Смирнов застыл. И сказал первое, что пришло в голову:

– Он загорелый вернулся...

– Этот загар в виде ультрафиолетовой лампы у меня на антресолях лежит. А тот звонок помнишь? Который прозвучал, когда ты Шурику зад запаивал? Так это ее брат звонил...

Смирнов окаменел. Затем стал ватным. Затем ему показалось, что весь он обмазан калом.

– Ты лжешь... – поморщился он, брезгливо оглядывая руки.

Мария Ивановна поднялась и пошла к бару. Через минуту перед Евгением Александровичем стоял стакан виски со льдом. Высокий стакан, граммов на двести.

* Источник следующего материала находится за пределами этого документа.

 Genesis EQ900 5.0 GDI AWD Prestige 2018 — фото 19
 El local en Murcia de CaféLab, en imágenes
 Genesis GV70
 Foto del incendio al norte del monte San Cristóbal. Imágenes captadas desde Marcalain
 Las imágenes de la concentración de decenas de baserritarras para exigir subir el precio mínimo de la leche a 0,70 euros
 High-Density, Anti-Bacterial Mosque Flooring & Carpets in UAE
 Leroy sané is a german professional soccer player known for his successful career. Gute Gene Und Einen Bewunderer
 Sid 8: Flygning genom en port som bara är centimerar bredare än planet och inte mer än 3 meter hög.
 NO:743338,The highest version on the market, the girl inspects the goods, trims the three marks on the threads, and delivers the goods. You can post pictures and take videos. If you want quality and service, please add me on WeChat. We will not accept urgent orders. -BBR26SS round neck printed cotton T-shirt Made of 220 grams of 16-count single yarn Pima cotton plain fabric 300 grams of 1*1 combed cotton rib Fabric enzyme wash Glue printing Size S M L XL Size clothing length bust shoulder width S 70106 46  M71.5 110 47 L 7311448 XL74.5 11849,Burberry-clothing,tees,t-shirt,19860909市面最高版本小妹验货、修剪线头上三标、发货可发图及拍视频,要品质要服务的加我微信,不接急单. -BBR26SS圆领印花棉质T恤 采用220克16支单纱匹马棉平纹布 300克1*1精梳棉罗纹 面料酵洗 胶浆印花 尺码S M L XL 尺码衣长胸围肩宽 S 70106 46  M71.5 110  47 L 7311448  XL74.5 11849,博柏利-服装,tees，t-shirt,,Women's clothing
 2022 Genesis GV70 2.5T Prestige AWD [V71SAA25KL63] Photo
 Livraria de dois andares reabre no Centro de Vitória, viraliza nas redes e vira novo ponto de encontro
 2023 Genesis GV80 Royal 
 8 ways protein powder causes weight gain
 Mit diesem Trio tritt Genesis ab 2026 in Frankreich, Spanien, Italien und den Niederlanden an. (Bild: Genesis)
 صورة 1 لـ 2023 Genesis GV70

Марии Ивановне было известно, что Смирнов не любит виски. Особенно разбавленный талой водой. Она принесла его с тайной мыслью, что борьба с отвращением к заморскому самогону отвлечет любовника, нет, уже жениха, от непродуманных поступков.

– Все равно лжешь, – взяв стакан, сказал Смирнов. Но уже не так уверенно.

– Саша ее двоюродный брат, – продолжала Марья Ивановна неторопливыми словами топить броненосец соперницы, – Он полтора года жил в доме ее родителей. Сам подумай – ему восемнадцать, ей, твоей Джульетте – шестнадцать. Они не могли не лечь в постель. Брат и сестра с перпендикулярным будущим, соответственно никаких обязательств, просто секс. А когда просто секс, он далеко идет, вот и дошел до твоей квартиры...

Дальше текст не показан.